Selon CALDH, c’est la toute première fois en Amérique Latine que les forces armées d’un pays se voient contraintes par un jugement à livrer des documents militaires. Le Ministère de la Défense manque donc à ses obligations légales puisqu’il n’a pas remis les plans demandés à la date prévue. De plus, divers groupes de défense des droits humains se sont rendus au Ministère Public le 27 février et ont porté plainte contre le ministre Abraham Valenzuela pour « désobéissance et dissimulation de documents ». « Si le ministre de la Défense refuse de remettre ces documents, c’est qu’il protège les responsables du génocide », déclare Iduvina Hernández, de l’organisation Sécurité en démocratie.
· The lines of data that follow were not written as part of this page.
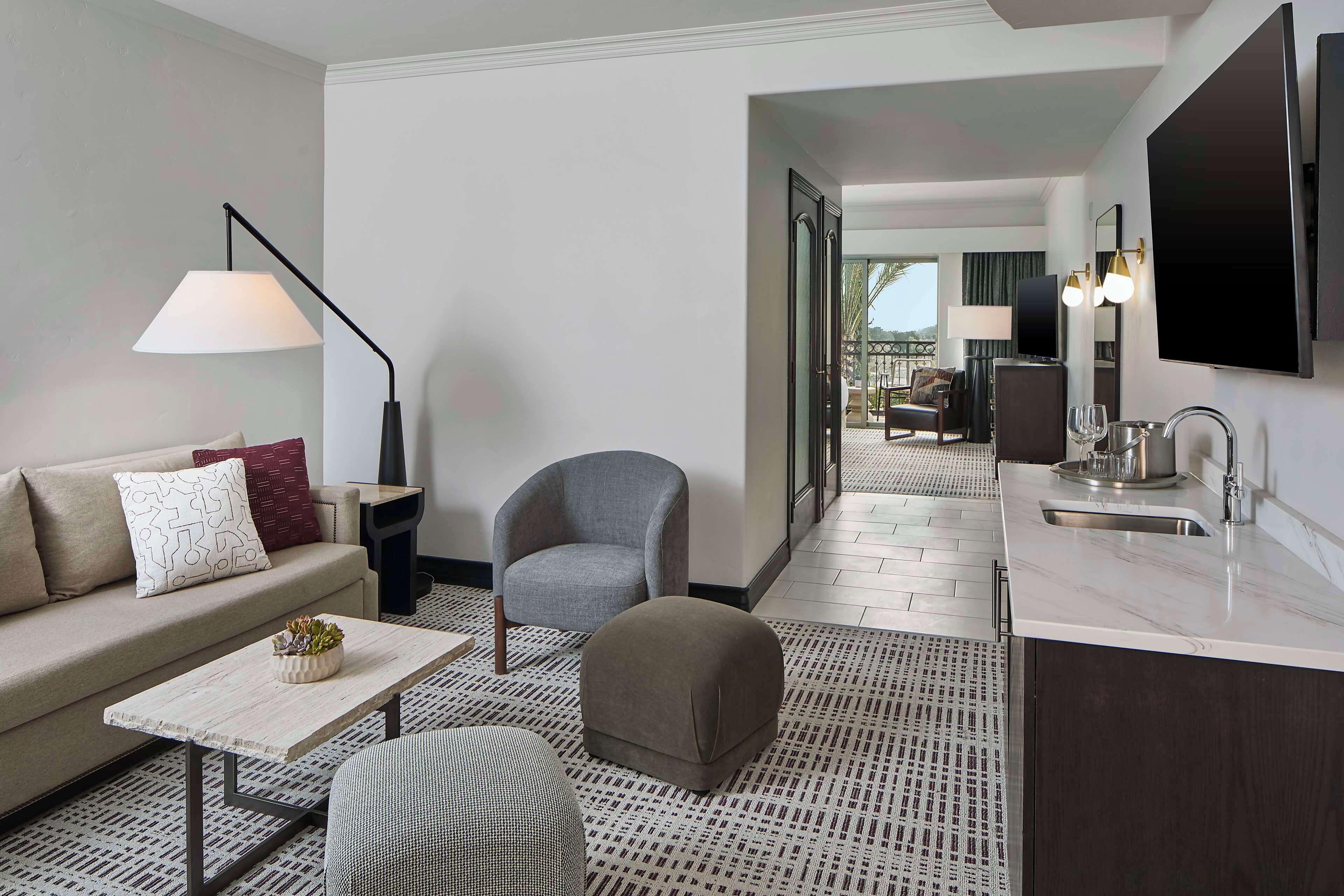 Una habitación de hotel moderna con sofá, sillón, reposapiés, mesa de centro y una zona de cocina con lavamanos y encimera.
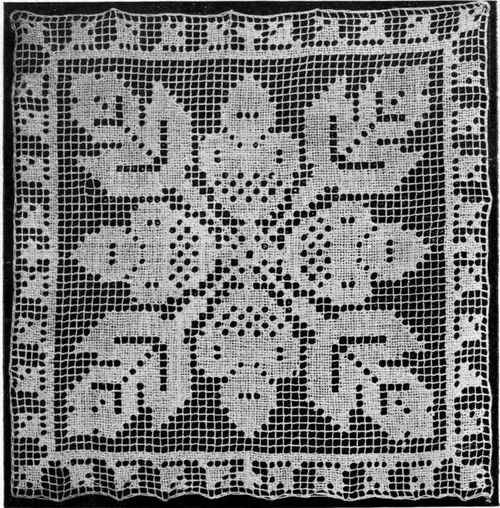 AN ACORN DESIGN IN DARNED FILET NET.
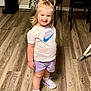 casual_clothing, chair, child, colorful_sneakers, cute, flooring, furniture, happy, home_interior, indoor, person, pony_tail, purple_shorts, smiling, standing, table, toddler, white_shirt, wooden_floor, young_child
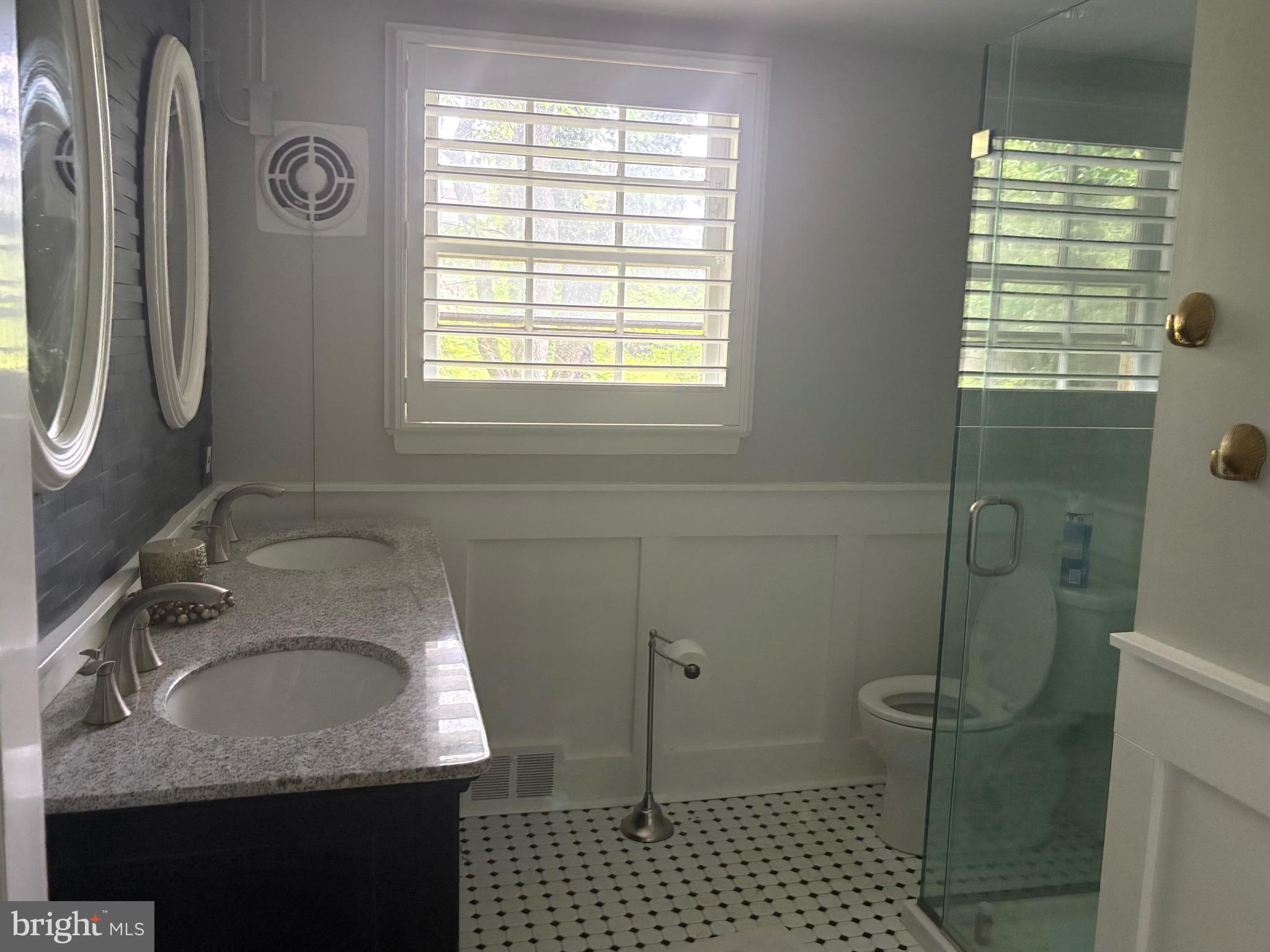 1041 Kipling Road Jenkintown, PA 19046 - Photo 9 of 23 a bathroom with a granite countertop sink a toilet and a shower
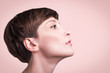 © Solarisys - Beautiful woman. Female face close up. Portrait of young caucasian woman at studio isolated on pastel. Fresh skin and beauty concept. Short haircut, long neck, perfect skin. Profile
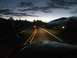 1995 Jeep YJ - Driving on a two-lane road as twilight descends, with a distant house and approaching clouds.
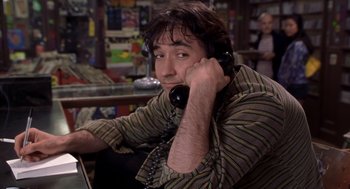 Movie still from “High Fidelity” (2000), directed by Stephen Frears – A man talking on a phone while sitting in a chair; Close Up shot, Low angle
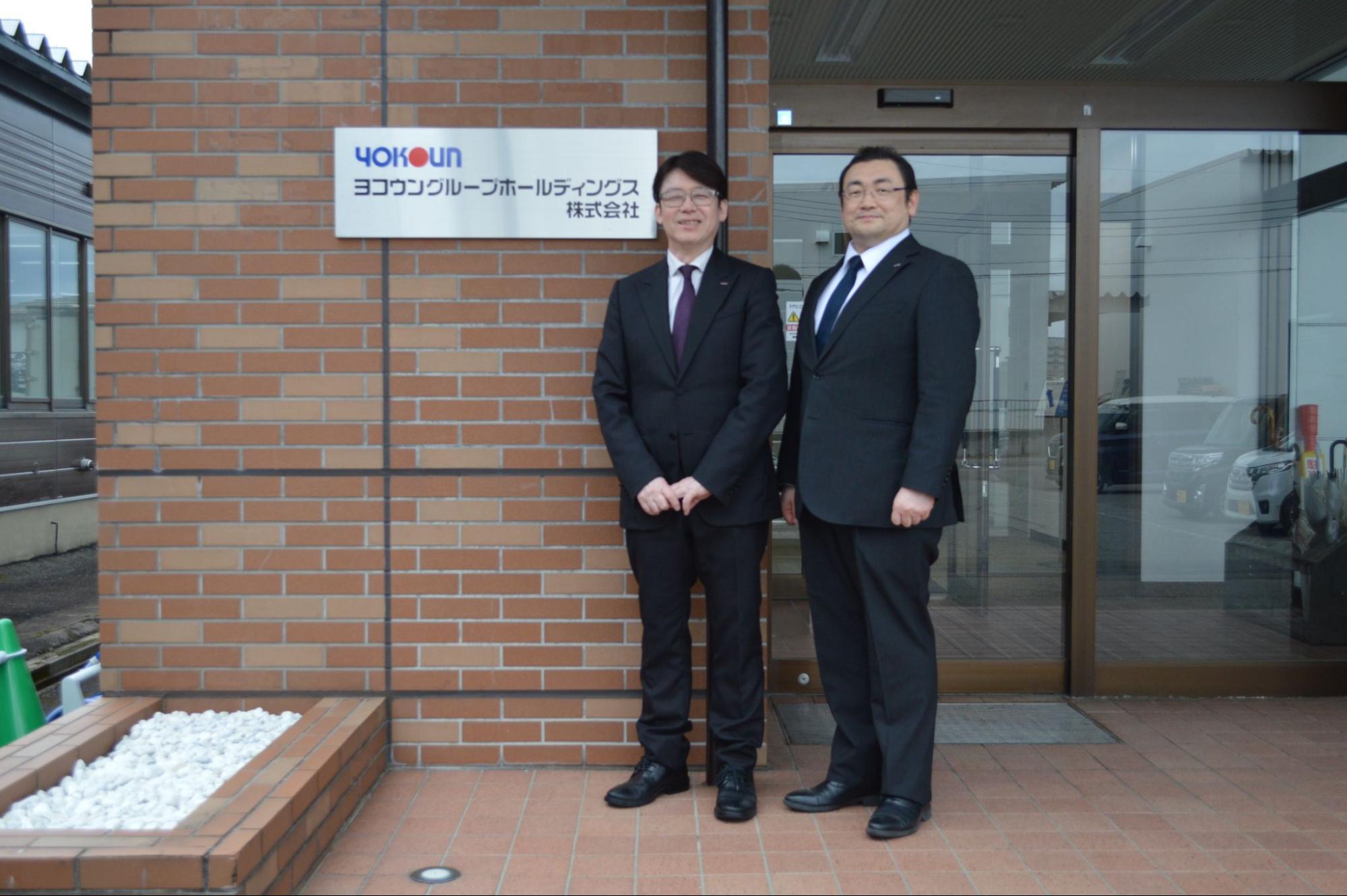 本社前に立つ塩田充弘CEO㊧と塩田聡COO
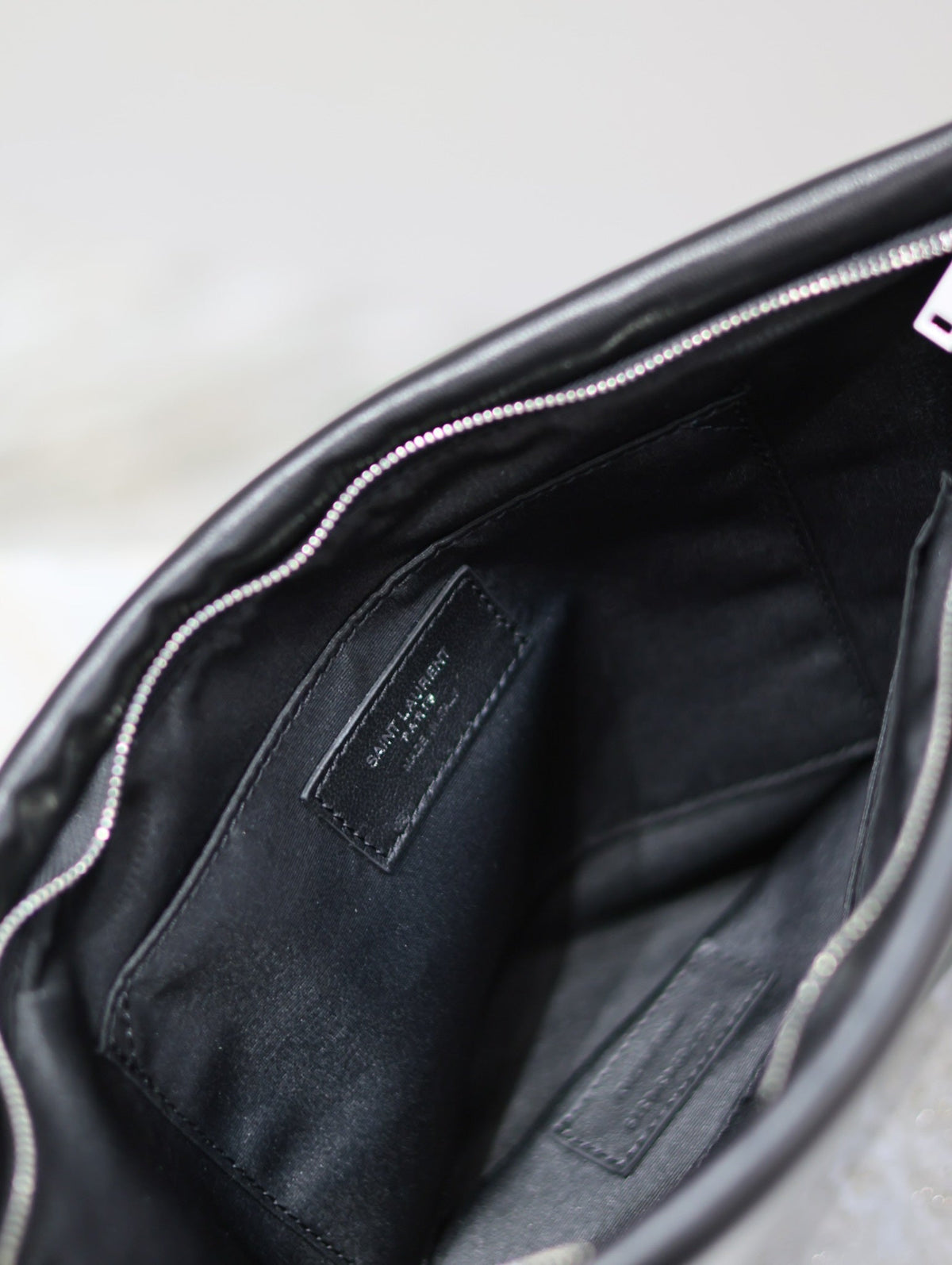 POUCH 30 IN BLACK CALFSKIN WITH EMBOSSED LOGO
Dans un communiqué émis à cette même date, une trentaine de groupes de défense des droits humains dénonçaient avec conviction les agissements du juge et du ministre de la Défense, et suggéraient que ceux-ci « ne sont pas le fruit du hasard, mais bien le produit d’un complot ».
Histoire à suivre…

CHRONOLOGIE DES ÉVÉNEMENTS

Février 2007– Présentation d’une requête par l’AJR (Association pour la justice et réconciliation) et CALDH (Centre d’action légale pour les droits humains) devant le tribunal de première instance pénale; ils exigent que Ríos Montt soit cité à comparaître pour les crimes de génocide commis en 1982 et 1983.
Mars 2007– Le juge demande à obtenir les plans militaires Plan campaña Victoria 82, Plan Operativo Sofía 82, Asuntos Civiles Operación Ixil, et Plan Firmeza 83.
Avril 2007– La défense de Ríos Montt invoque le secret d’État pour empêcher la remise des plans au tribunal.
Juillet 2007– Rejet de l’action de Ríos Montt par la cour d’appel, qui déclare que le Ministère de la Défense doit remettre les plans militaires au tribunal.
Janvier 2008– Ríos Montt entre en fonction au Congrès sous l’administration Colom; il jouira de l’immunité pour la durée de son mandat.
25 février 2008– Álvaro Colóm promet la déclassification des archives militaires.
Avril 2008– Rejet définitif du recours de RíosMontt par la Cour constitutionnelle; le Ministère de la Défense se doit donc d’ouvrir les archives militaires, afin que celles -ci puissent servir d’éléments de preuve dans le processus judiciaire entrepris par l’AJR et CALDH. La défense de Ríos Montt interpose un nouveau recours, remettant en question la compétence du tribunal de première instance pénale à recevoir les plans et à rendre une décision en la matière; la défense prétend que cela relève plutôt de la juridiction d’un tribunal militaire.
Juin 2008– Rejet de ce recours par la Cour Suprême, confirmation de la compétence du tribunal de première instance pénale à traiter de la question des archives militaires.
25 février 2009– Journée nationale de la dignité des victimes; c’est aussi la date limite du délai alloué au Ministère de la Défense pour la remise des archives militaires au tribunal.